[Data extracted from a collection]
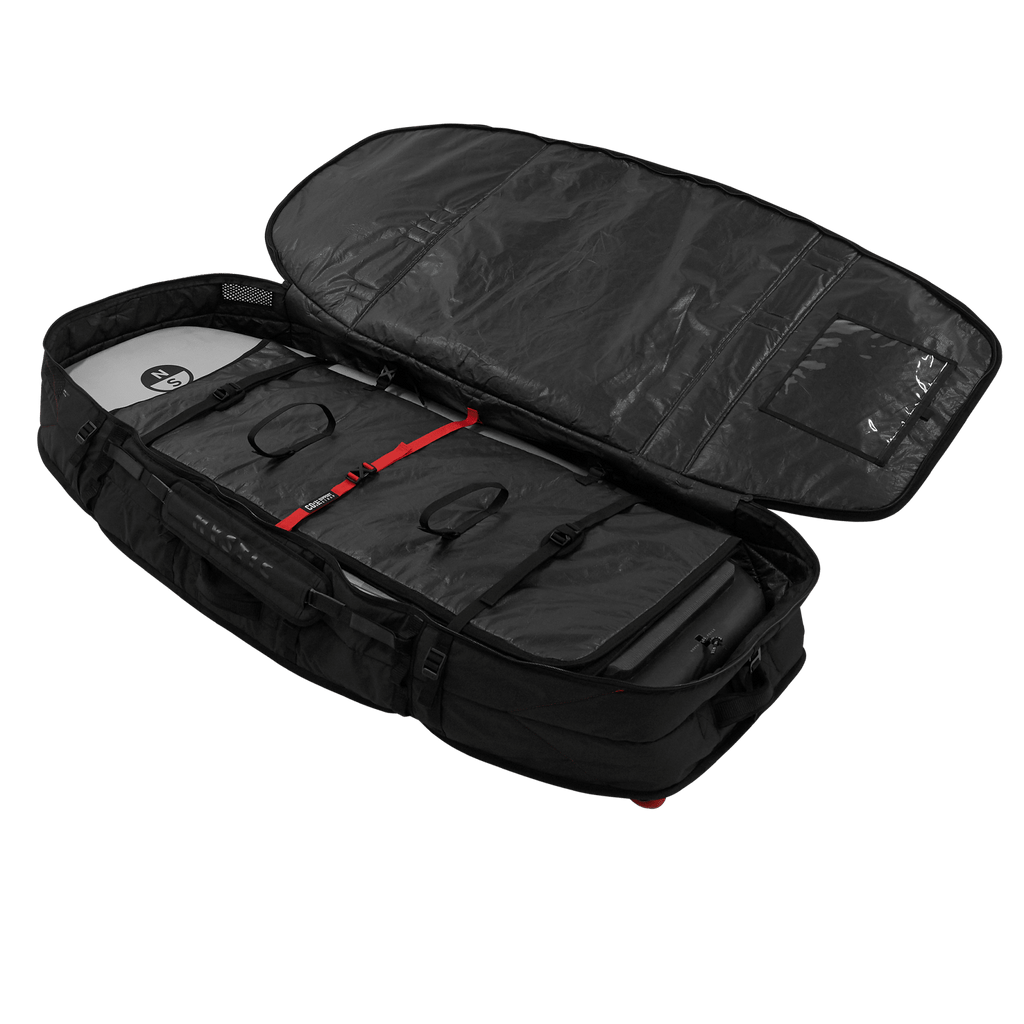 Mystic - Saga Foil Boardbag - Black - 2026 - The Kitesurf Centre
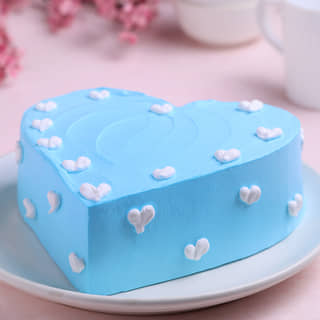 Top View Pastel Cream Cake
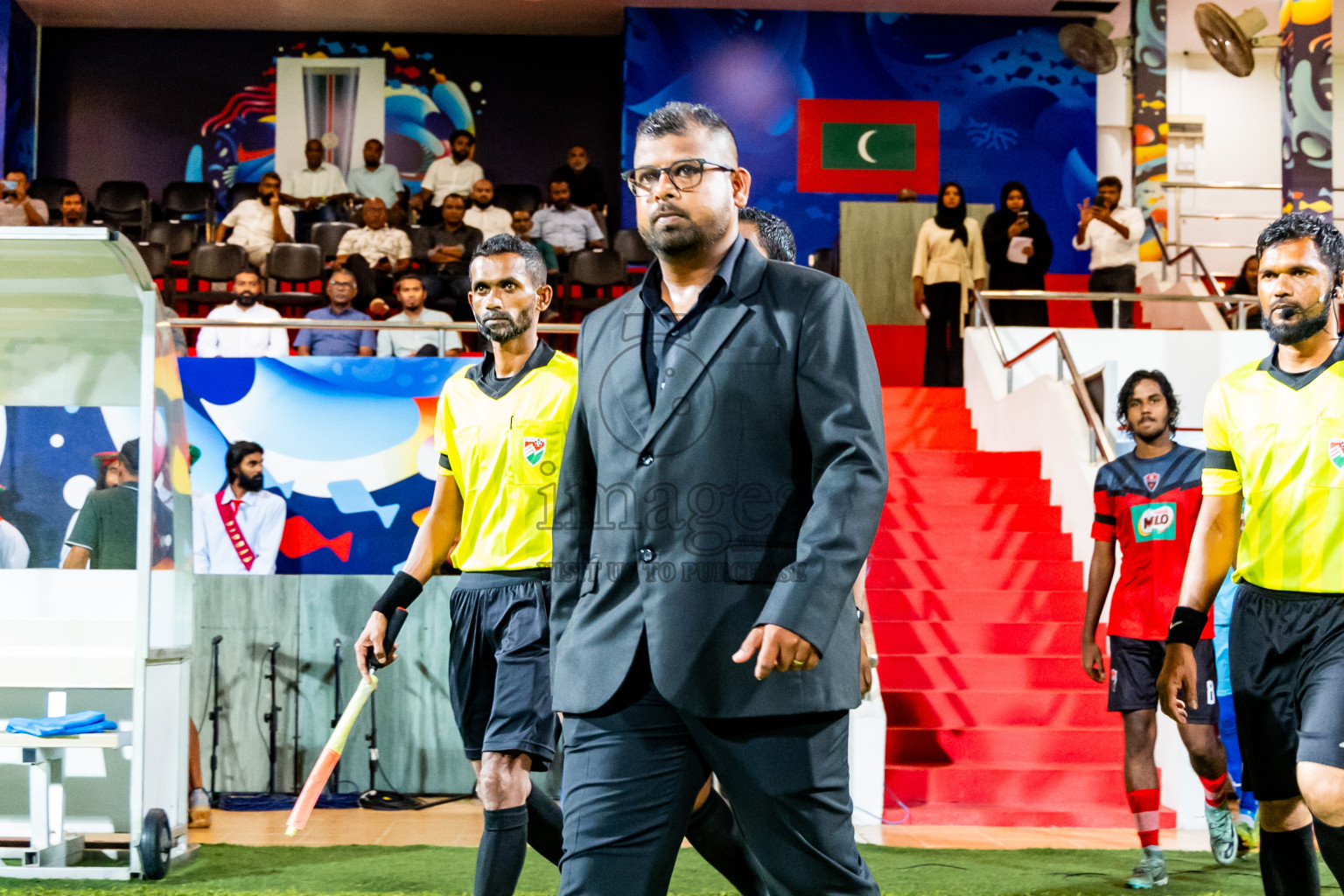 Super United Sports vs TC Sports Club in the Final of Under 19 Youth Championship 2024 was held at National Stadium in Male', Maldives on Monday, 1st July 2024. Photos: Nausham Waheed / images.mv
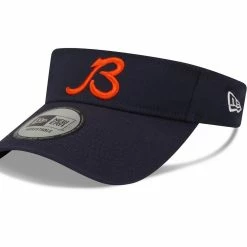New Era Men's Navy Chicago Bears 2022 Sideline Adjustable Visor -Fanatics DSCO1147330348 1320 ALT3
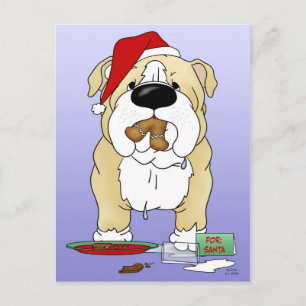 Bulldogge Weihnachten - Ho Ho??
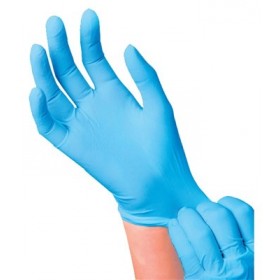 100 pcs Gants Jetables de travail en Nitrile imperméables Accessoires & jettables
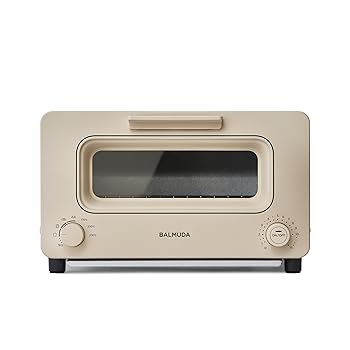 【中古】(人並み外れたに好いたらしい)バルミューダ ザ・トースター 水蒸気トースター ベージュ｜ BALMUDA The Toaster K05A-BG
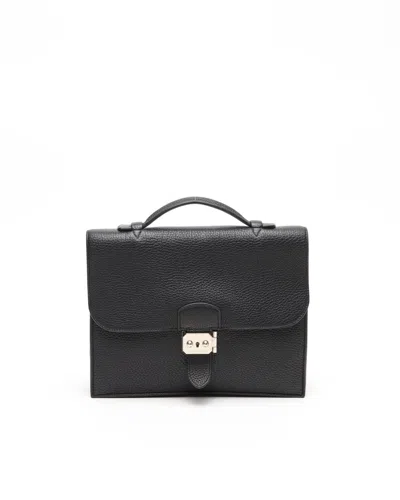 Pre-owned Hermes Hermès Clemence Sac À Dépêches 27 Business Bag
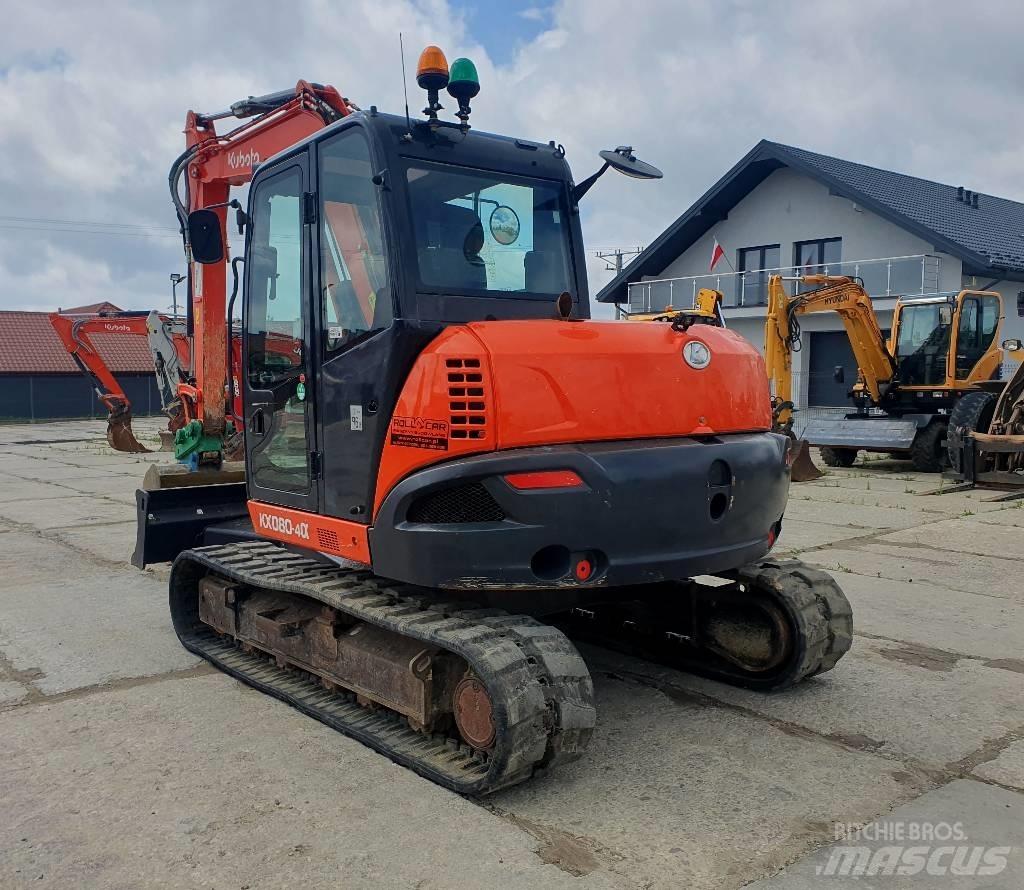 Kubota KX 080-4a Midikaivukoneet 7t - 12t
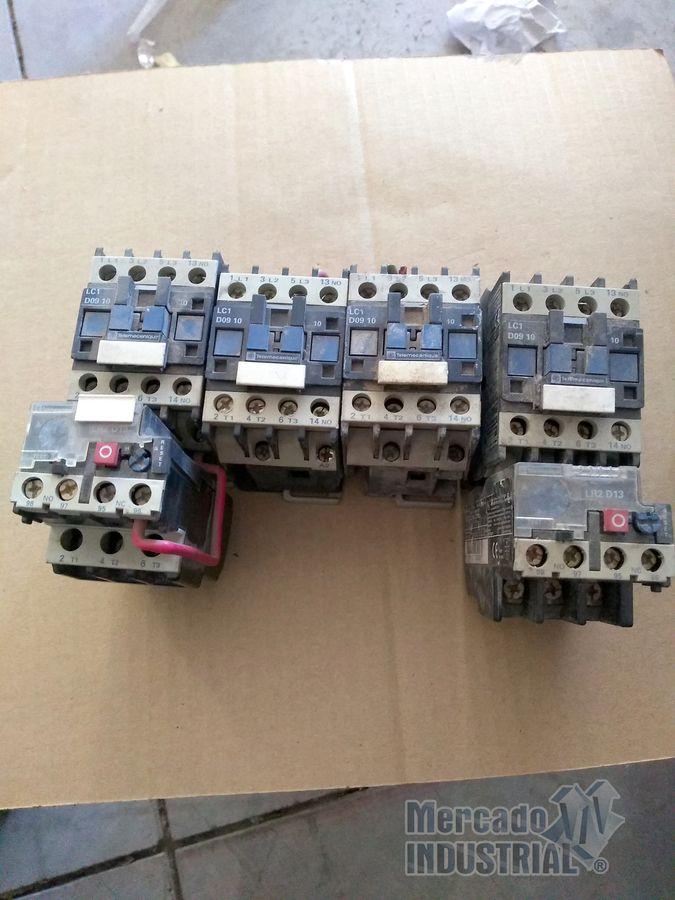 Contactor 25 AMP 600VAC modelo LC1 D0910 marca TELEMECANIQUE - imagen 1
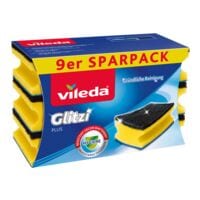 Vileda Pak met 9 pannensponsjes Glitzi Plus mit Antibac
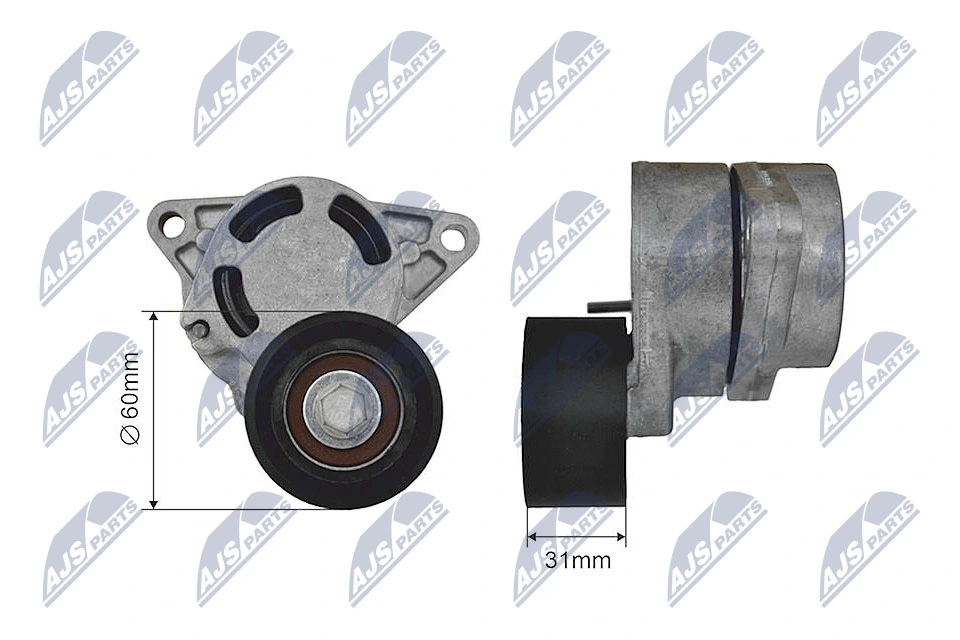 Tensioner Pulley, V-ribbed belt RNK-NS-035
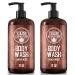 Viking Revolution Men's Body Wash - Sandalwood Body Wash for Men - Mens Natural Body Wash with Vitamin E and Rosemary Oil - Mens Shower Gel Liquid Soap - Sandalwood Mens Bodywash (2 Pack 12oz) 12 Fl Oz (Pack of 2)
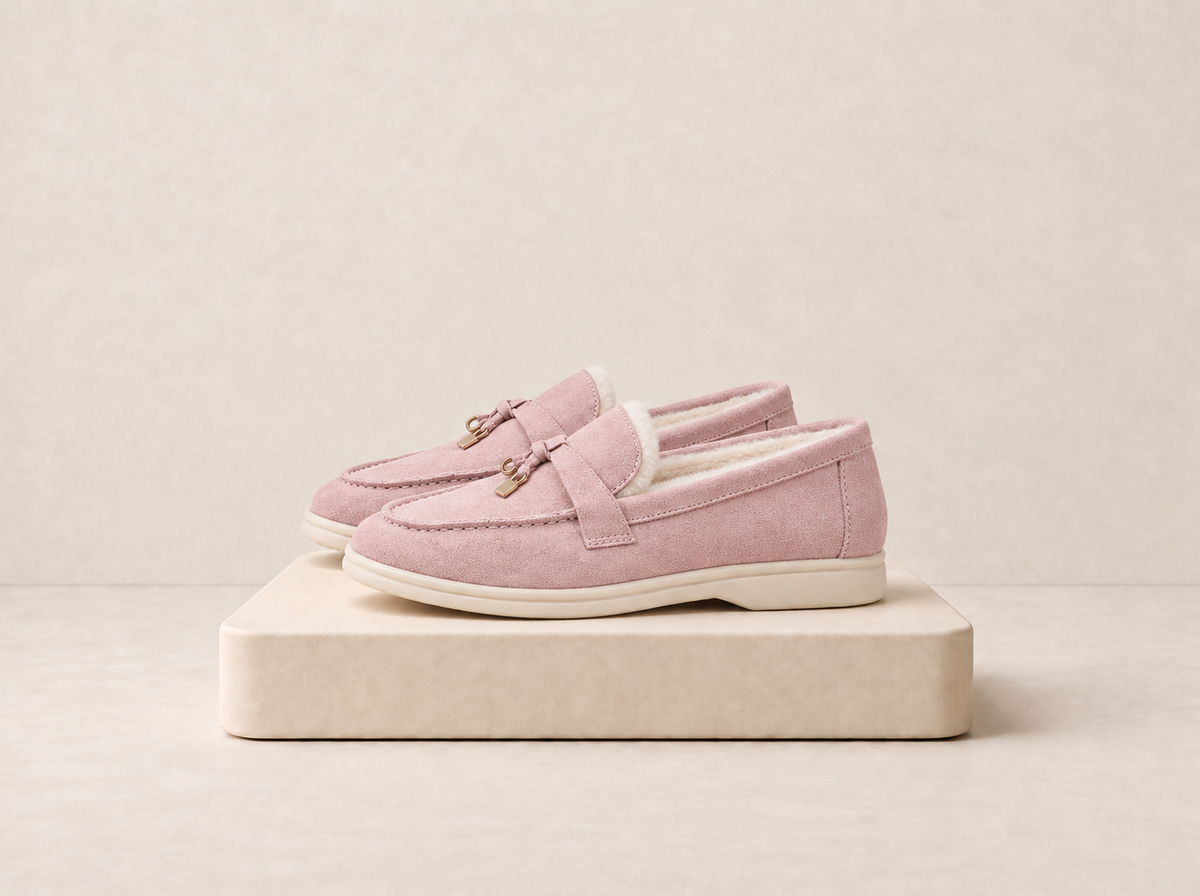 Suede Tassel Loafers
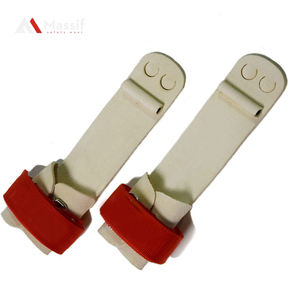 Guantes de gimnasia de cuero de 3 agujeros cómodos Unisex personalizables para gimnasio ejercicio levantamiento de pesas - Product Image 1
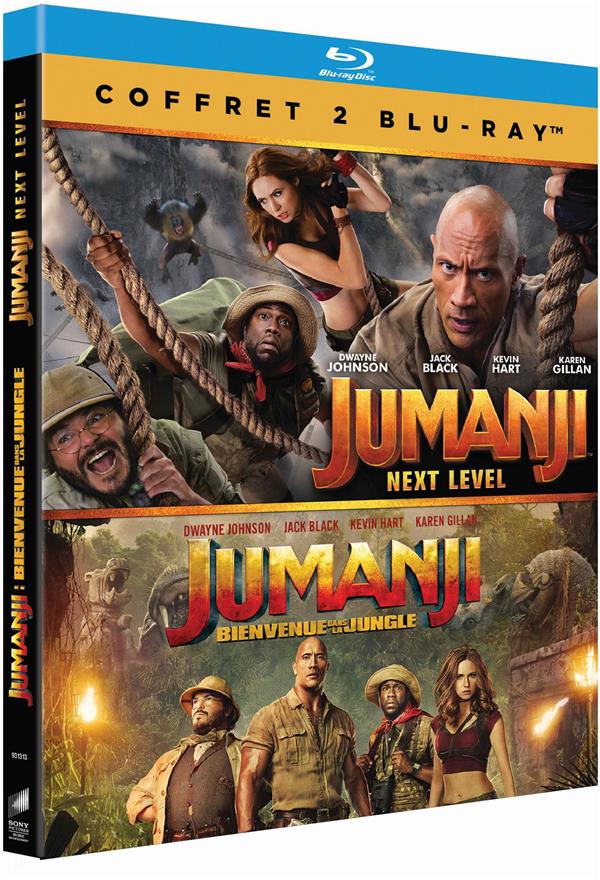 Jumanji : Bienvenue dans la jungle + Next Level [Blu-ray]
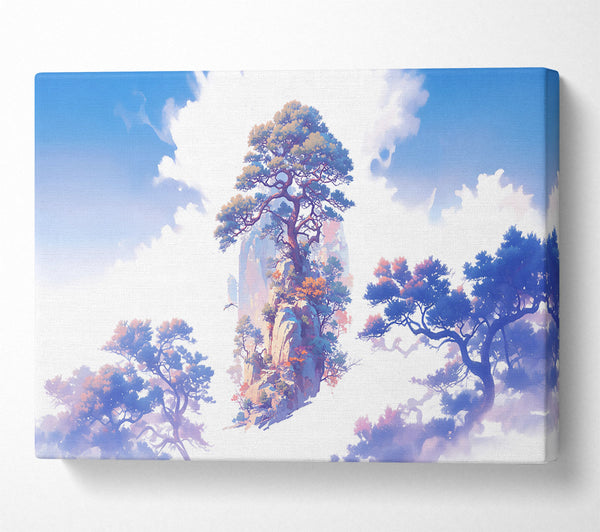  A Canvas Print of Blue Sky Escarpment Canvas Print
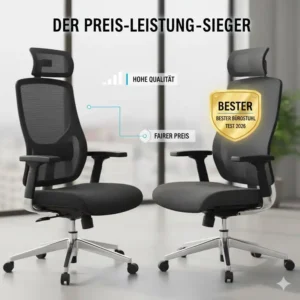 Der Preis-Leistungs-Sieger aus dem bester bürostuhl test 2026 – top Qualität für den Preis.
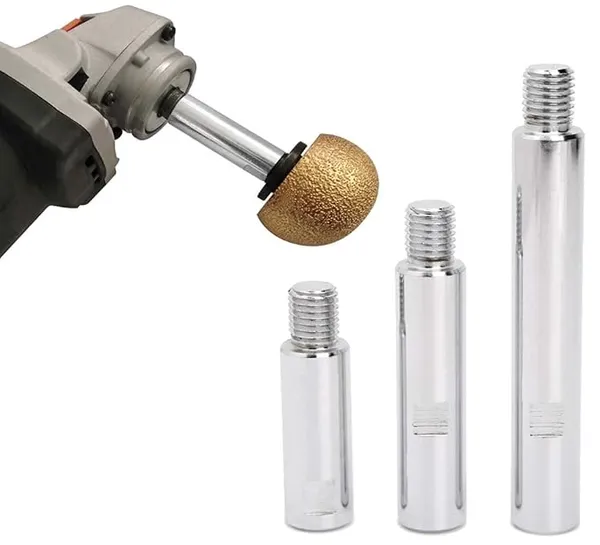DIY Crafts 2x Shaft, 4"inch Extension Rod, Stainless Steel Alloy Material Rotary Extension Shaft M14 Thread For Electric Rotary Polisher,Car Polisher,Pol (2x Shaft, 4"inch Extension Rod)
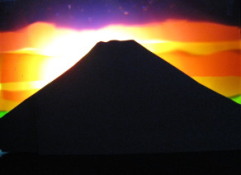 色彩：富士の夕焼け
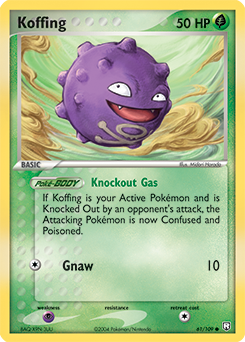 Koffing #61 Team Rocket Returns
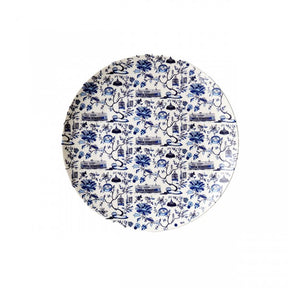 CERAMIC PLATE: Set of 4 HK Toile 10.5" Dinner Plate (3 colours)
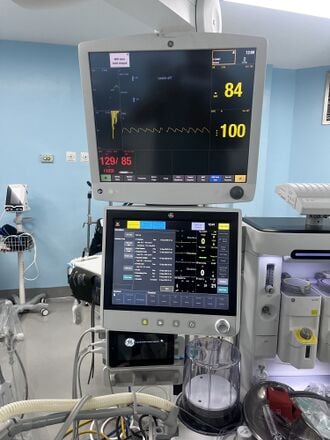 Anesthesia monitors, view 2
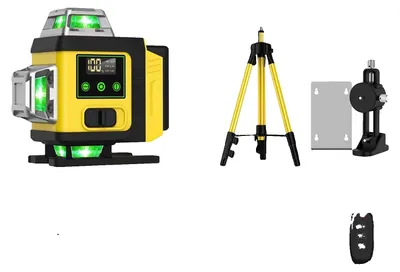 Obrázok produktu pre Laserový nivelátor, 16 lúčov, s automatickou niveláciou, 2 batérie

ACTIVITY:
Print, with pictures removed, exactly the lines of the records above from the top through the line containing "A Canvas Print".

COMPLETED EXERCISE:
 Mystic - Saga Foil Boardbag - Black - 2026 - The Kitesurf Centre
 Top View Pastel Cream Cake
 Super United Sports vs TC Sports Club in the Final of Under 19 Youth Championship 2024 was held at National Stadium in Male', Maldives on Monday, 1st July 2024. Photos: Nausham Waheed / images.mv
New Era Men's Navy Chicago Bears 2022 Sideline Adjustable Visor -Fanatics DSCO1147330348 1320 ALT3
 Bulldogge Weihnachten - Ho Ho??
 100 pcs Gants Jetables de travail en Nitrile imperméables Accessoires & jettables
 【中古】(人並み外れたに好いたらしい)バルミューダ ザ・トースター 水蒸気トースター ベージュ｜ BALMUDA The Toaster K05A-BG
 Pre-owned Hermes Hermès Clemence Sac À Dépêches 27 Business Bag
 Kubota KX 080-4a Midikaivukoneet 7t - 12t
 Contactor 25 AMP 600VAC modelo LC1 D0910 marca TELEMECANIQUE - imagen 1
 Vileda Pak met 9 pannensponsjes Glitzi Plus mit Antibac
 Tensioner Pulley, V-ribbed belt RNK-NS-035
 Viking Revolution Men's Body Wash - Sandalwood Body Wash for Men - Mens Natural Body Wash with Vitamin E and Rosemary Oil - Mens Shower Gel Liquid Soap - Sandalwood Mens Bodywash (2 Pack 12oz) 12 Fl Oz (Pack of 2)
 Suede Tassel Loafers
 Guantes de gimnasia de cuero de 3 agujeros cómodos Unisex personalizables para gimnasio ejercicio levantamiento de pesas - Product Image 1
 Jumanji : Bienvenue dans la jungle + Next Level [Blu-ray]
  A Canvas Print of Blue Sky Escarpment Canvas Print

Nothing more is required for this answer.